- [Given entries]
* * *
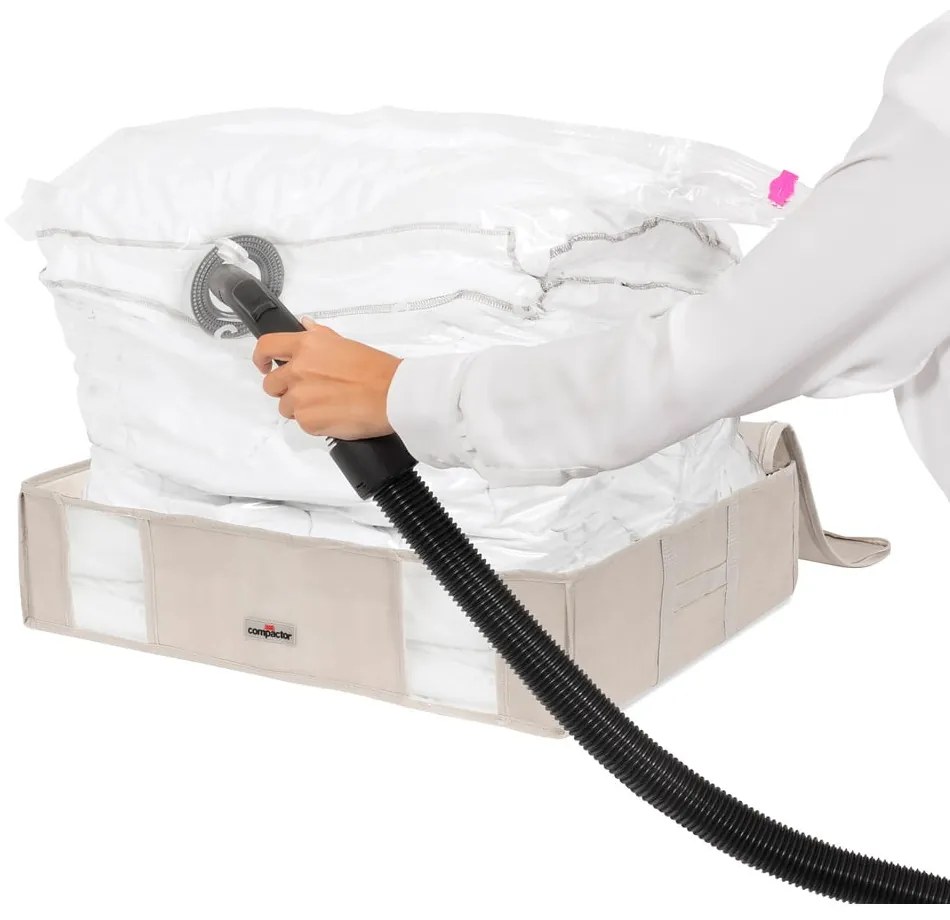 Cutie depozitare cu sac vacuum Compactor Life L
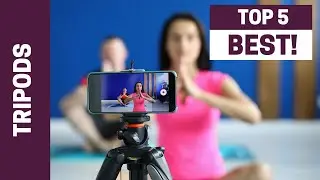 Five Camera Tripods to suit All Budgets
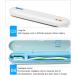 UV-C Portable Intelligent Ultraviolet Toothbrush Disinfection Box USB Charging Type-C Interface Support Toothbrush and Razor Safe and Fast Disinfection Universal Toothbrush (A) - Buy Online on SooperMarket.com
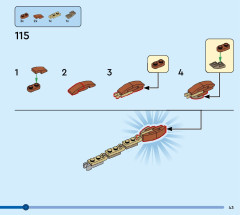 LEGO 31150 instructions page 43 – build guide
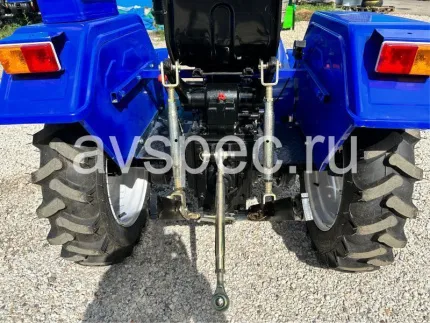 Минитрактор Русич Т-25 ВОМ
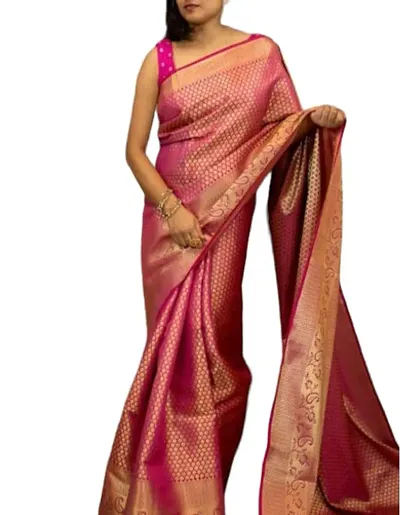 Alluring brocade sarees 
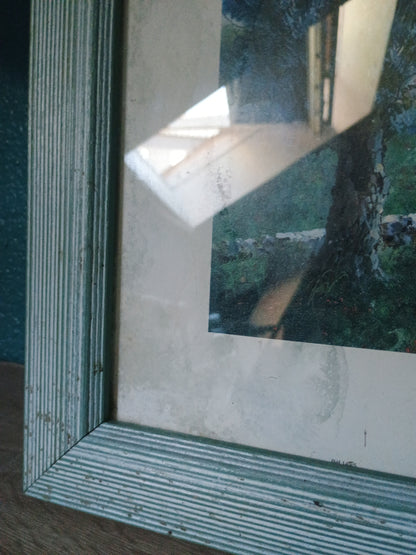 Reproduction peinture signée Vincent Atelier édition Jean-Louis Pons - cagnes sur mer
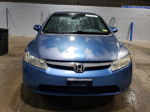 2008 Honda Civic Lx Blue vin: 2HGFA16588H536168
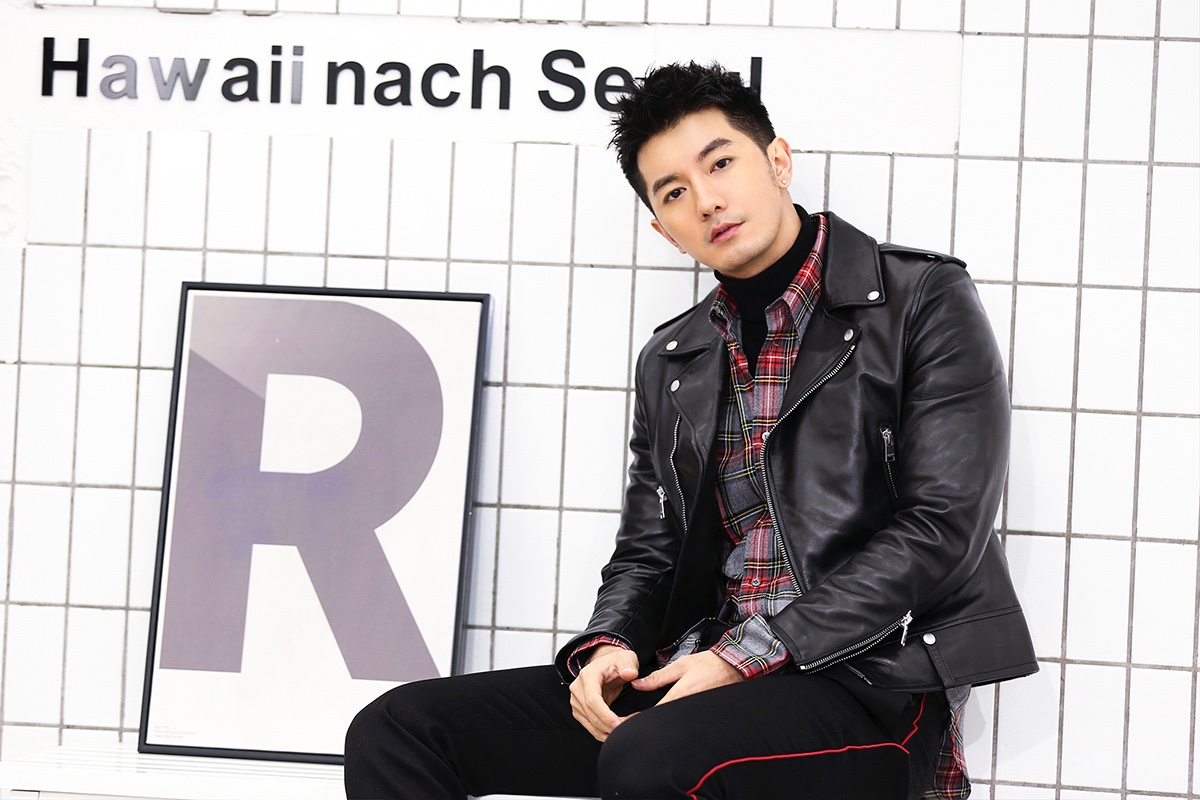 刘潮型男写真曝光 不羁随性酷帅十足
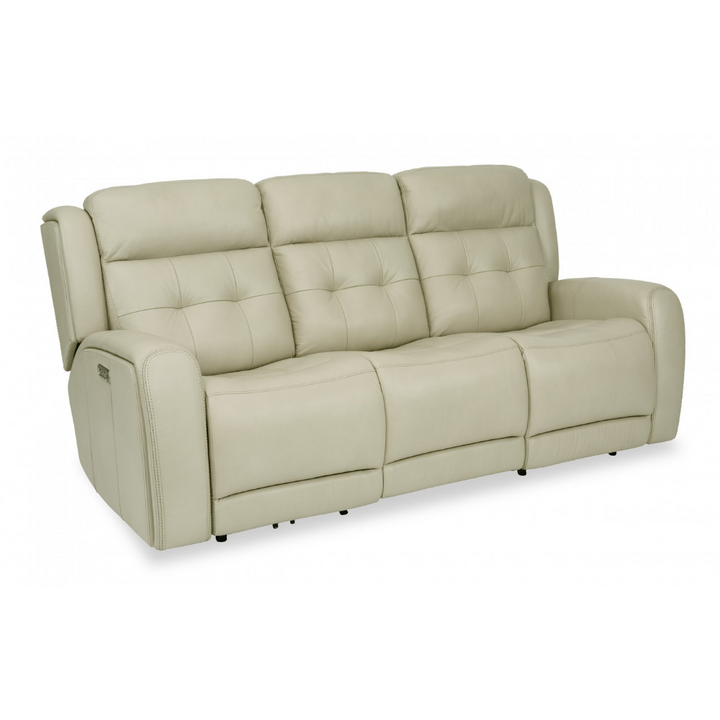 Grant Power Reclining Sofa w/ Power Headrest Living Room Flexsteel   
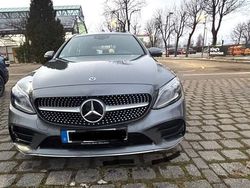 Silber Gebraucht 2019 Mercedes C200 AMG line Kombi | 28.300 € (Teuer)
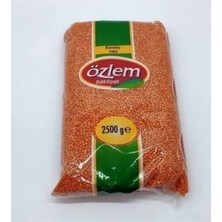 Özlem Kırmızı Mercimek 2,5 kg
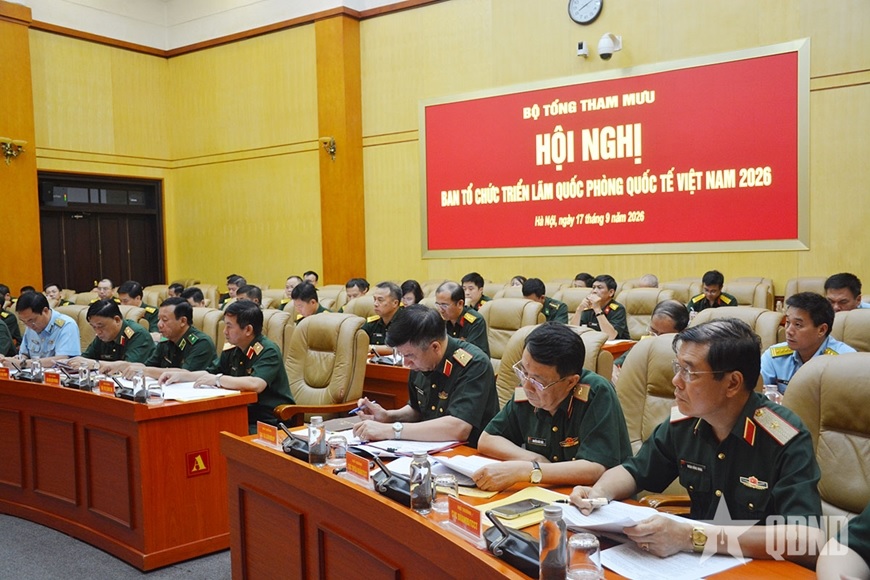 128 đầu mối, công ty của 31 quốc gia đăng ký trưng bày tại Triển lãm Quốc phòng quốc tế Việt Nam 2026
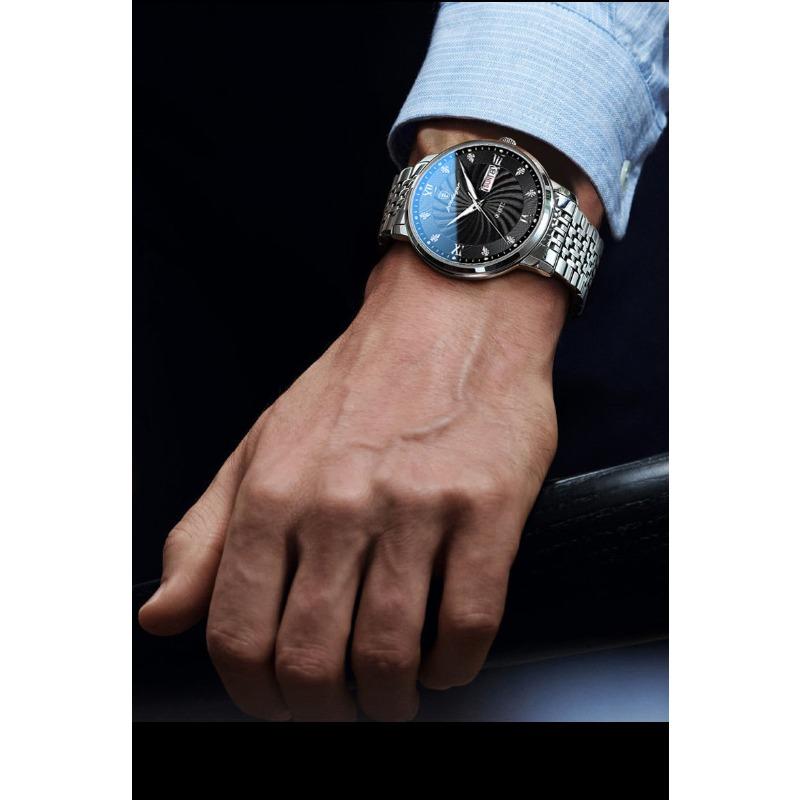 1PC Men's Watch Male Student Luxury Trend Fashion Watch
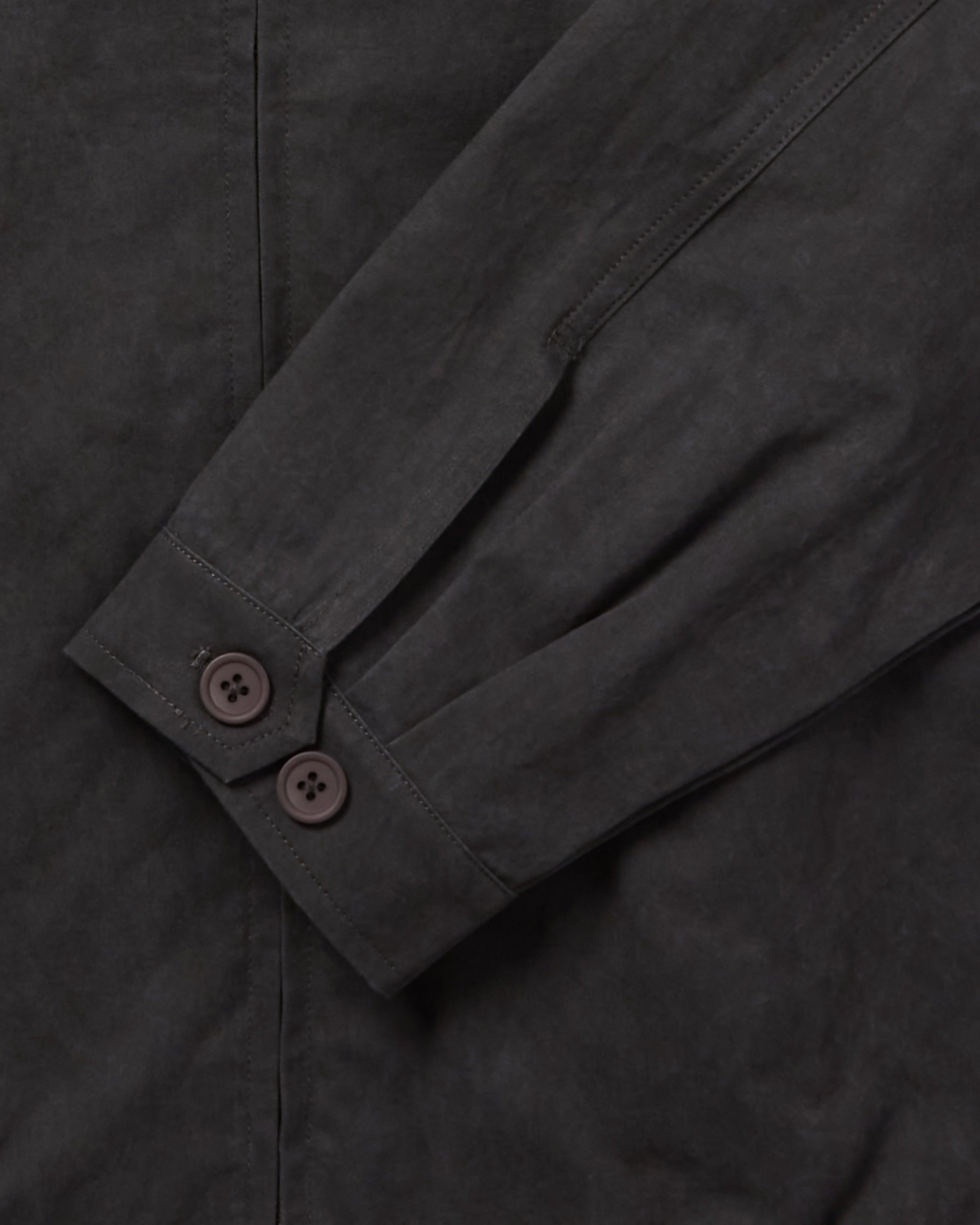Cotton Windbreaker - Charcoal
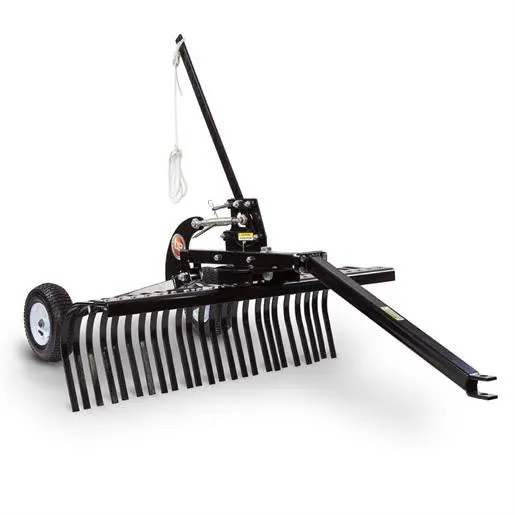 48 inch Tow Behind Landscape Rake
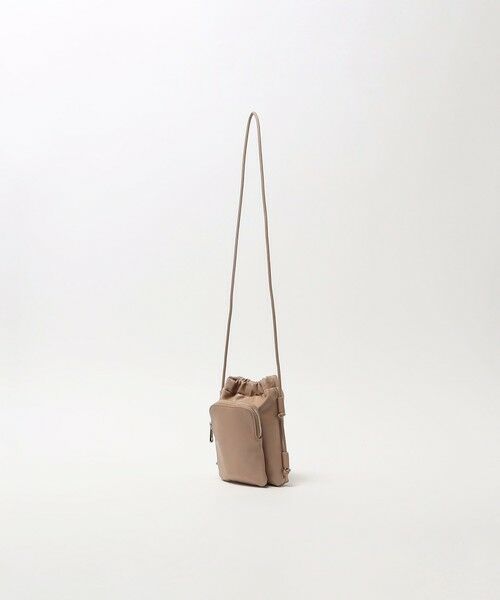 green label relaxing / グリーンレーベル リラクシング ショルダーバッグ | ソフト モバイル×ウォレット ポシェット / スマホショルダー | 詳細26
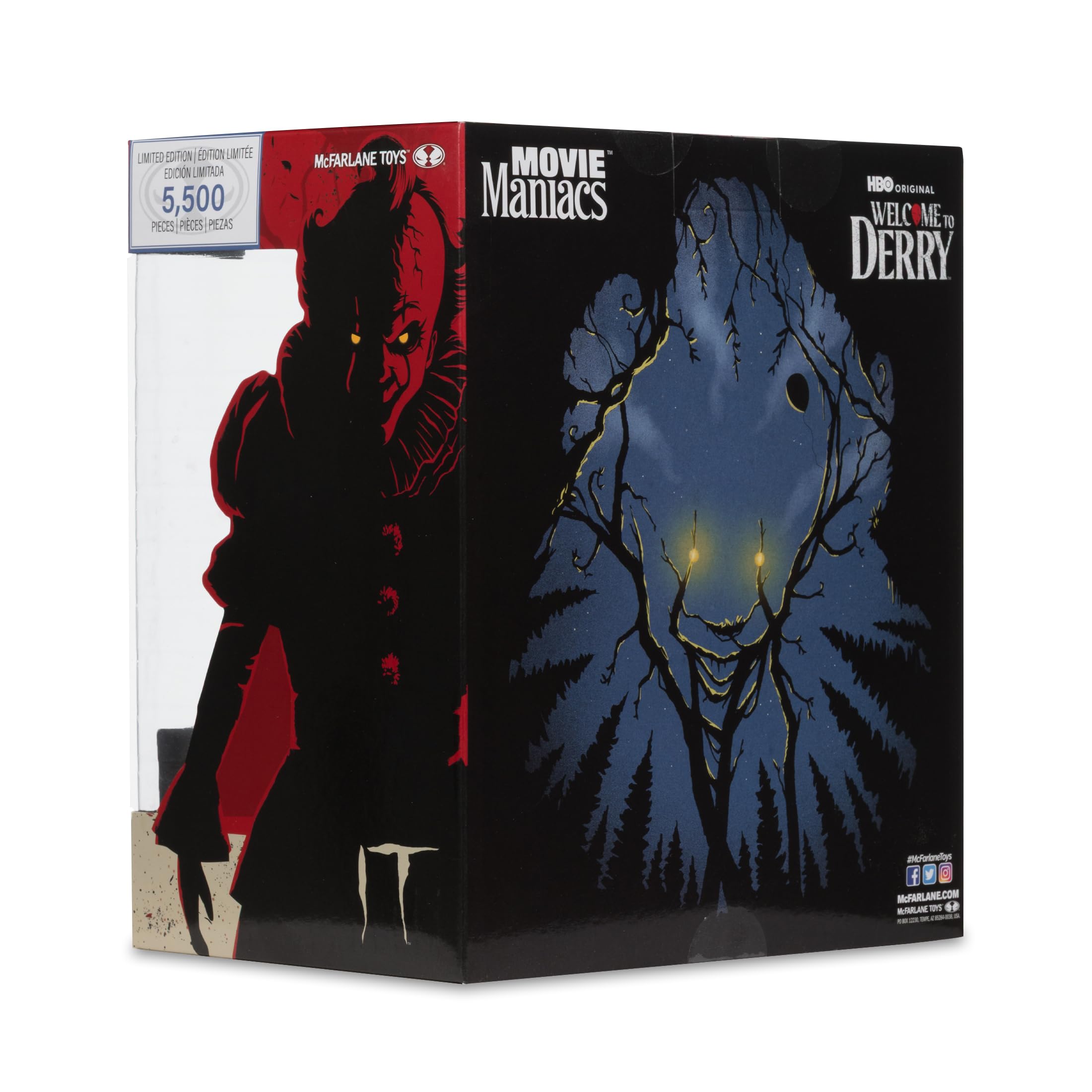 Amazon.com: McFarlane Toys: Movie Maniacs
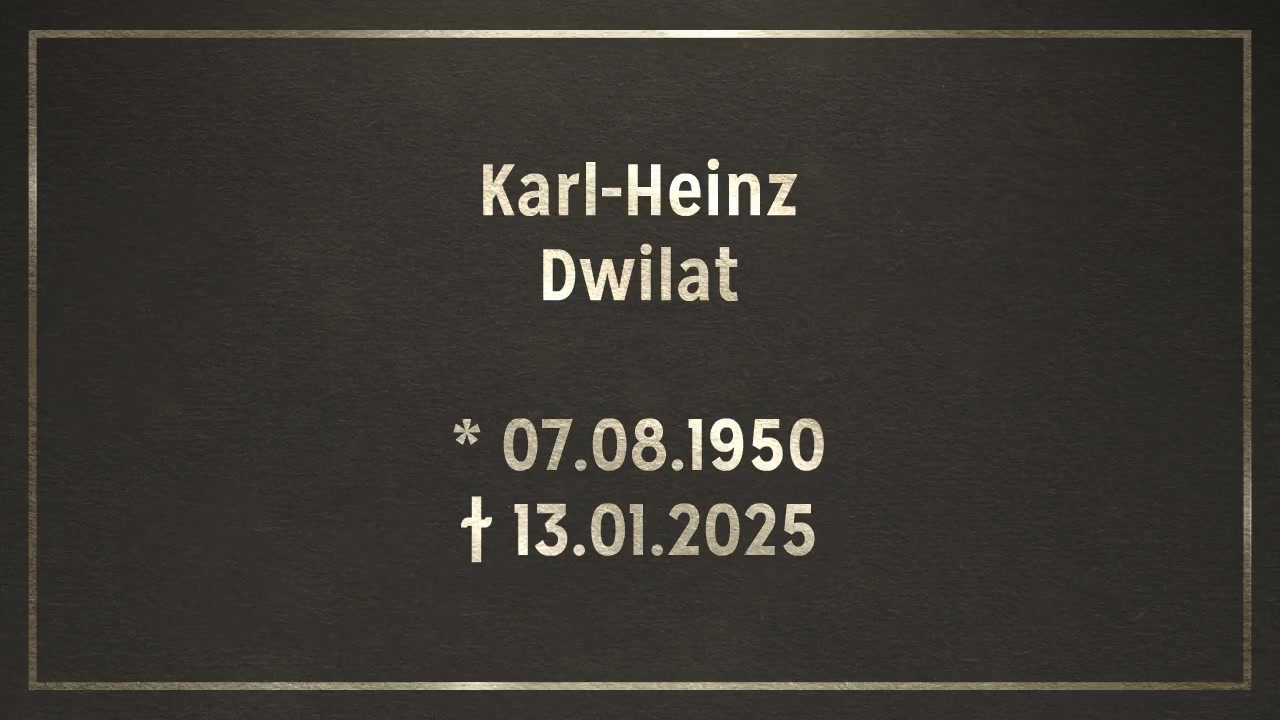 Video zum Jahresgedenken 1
* * *
- [Activity]
Print exactly the lines running from the start of the entries above to the line with "Özlem Kırmızı Mercimek 2,5 kg", both included; leave out any pictures.

- [Written answer]
 Cutie depozitare cu sac vacuum Compactor Life L
 Five Camera Tripods to suit All Budgets
 UV-C Portable Intelligent Ultraviolet Toothbrush Disinfection Box USB Charging Type-C Interface Support Toothbrush and Razor Safe and Fast Disinfection Universal Toothbrush (A) - Buy Online on SooperMarket.com
 LEGO 31150 instructions page 43 – build guide
 Минитрактор Русич Т-25 ВОМ
 Alluring brocade sarees 
 Reproduction peinture signée Vincent Atelier édition Jean-Louis Pons - cagnes sur mer
 2008 Honda Civic Lx Blue vin: 2HGFA16588H536168
 刘潮型男写真曝光 不羁随性酷帅十足
 Grant Power Reclining Sofa w/ Power Headrest Living Room Flexsteel   
 Silber Gebraucht 2019 Mercedes C200 AMG line Kombi | 28.300 € (Teuer)
 Özlem Kırmızı Mercimek 2,5 kg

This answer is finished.